=== Problem to solve ===
Output, without any change, the listing below from its opening line up to and including the line with "glass ornament Rottweiler".

━━━━━ Dataset content

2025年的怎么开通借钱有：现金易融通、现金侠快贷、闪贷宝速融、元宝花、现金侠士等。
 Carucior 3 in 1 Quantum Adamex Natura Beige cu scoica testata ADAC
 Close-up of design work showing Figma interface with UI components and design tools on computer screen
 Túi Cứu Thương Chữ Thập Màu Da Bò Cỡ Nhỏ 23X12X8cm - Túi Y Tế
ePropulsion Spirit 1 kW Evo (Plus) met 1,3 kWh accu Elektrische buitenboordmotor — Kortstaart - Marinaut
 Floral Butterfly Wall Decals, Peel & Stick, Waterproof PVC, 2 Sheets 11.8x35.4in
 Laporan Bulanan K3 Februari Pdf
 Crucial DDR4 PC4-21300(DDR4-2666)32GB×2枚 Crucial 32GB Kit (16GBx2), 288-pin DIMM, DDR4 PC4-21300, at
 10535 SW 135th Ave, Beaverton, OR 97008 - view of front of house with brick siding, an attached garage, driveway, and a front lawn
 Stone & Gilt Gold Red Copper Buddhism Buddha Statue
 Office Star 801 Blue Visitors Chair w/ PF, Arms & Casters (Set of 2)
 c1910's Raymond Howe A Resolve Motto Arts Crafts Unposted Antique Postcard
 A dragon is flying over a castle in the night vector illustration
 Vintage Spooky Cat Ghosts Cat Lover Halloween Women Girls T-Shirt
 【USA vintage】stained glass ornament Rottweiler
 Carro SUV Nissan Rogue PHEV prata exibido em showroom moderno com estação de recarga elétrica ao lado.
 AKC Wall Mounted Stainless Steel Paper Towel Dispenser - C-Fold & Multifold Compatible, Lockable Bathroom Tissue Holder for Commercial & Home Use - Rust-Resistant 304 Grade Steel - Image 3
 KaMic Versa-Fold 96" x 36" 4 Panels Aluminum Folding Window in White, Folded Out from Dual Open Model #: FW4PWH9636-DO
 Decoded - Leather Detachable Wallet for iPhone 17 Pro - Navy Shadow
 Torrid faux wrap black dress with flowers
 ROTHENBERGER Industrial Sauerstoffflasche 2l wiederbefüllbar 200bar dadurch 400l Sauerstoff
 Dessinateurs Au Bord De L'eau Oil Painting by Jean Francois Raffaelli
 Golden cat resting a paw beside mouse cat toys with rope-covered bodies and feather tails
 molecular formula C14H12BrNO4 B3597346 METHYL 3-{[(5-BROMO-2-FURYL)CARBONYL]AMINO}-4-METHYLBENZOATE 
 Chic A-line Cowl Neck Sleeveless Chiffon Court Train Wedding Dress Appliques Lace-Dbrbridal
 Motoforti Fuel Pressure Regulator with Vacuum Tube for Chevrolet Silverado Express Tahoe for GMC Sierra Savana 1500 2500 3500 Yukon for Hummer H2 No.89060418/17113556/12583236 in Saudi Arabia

━━━━━━━━━━

=== Response to the task ===
2025年的怎么开通借钱有：现金易融通、现金侠快贷、闪贷宝速融、元宝花、现金侠士等。
 Carucior 3 in 1 Quantum Adamex Natura Beige cu scoica testata ADAC
 Close-up of design work showing Figma interface with UI components and design tools on computer screen
 Túi Cứu Thương Chữ Thập Màu Da Bò Cỡ Nhỏ 23X12X8cm - Túi Y Tế
ePropulsion Spirit 1 kW Evo (Plus) met 1,3 kWh accu Elektrische buitenboordmotor — Kortstaart - Marinaut
 Floral Butterfly Wall Decals, Peel & Stick, Waterproof PVC, 2 Sheets 11.8x35.4in
 Laporan Bulanan K3 Februari Pdf
 Crucial DDR4 PC4-21300(DDR4-2666)32GB×2枚 Crucial 32GB Kit (16GBx2), 288-pin DIMM, DDR4 PC4-21300, at
 10535 SW 135th Ave, Beaverton, OR 97008 - view of front of house with brick siding, an attached garage, driveway, and a front lawn
 Stone & Gilt Gold Red Copper Buddhism Buddha Statue
 Office Star 801 Blue Visitors Chair w/ PF, Arms & Casters (Set of 2)
 c1910's Raymond Howe A Resolve Motto Arts Crafts Unposted Antique Postcard
 A dragon is flying over a castle in the night vector illustration
 Vintage Spooky Cat Ghosts Cat Lover Halloween Women Girls T-Shirt
 【USA vintage】stained glass ornament Rottweiler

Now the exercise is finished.